- Directed by: Sara Driver
- Written by: Sara Driver Jim Jarmusch
- Based on: "You Are Not I" by Paul Bowles
- Produced by: Sara Driver Jim Jarmusch
- Starring: Suzanne Fletcher Evelyn Smith Lucy Sante Nan Goldin
- Cinematography: Jim Jarmusch
- Edited by: Sara Driver
- Music by: Phil Kline
- Release date: 1981;
- Running time: 48 minutes
- Country: United States
- Language: English
- Budget: $12,000

= You Are Not I (film) =

You Are Not I is a 1981 American drama film directed by Sara Driver and starring Suzanne Fletcher, Evelyn Smith, Nan Goldin, and Lucy Sante. The film is based on the 1948 short story of the same name by Paul Bowles.

==Summary==
Adapted from a Paul Bowles story, a young mentally disturbed woman named Ethel (Fletcher) escapes from the asylum where she is treated until she is mistaken for one of the survivors of a deadly car accident she stumbled upon. Then she is taken to her sister's home.

==Production==
The film was shot in six days for $12,000 as a thesis film for New York University.
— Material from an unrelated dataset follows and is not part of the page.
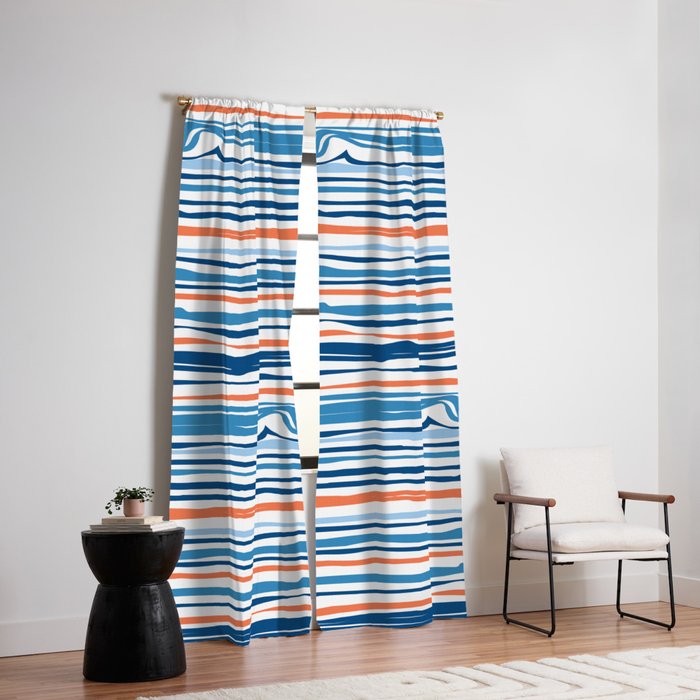 Modern Abstract Ocean Wave Stripes in Classic Blues and Orange Window Curtain Gallery Image 6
It played widely at international film festivals, but a leak at a New Jersey warehouse destroyed the negative leaving Driver with a battered unprojectable copy. It was thought to have been lost, until a print was found at the holdings of Bowles. It has since been released on the DVD set "Driver X4: The Lost and Found Films of Sara Driver".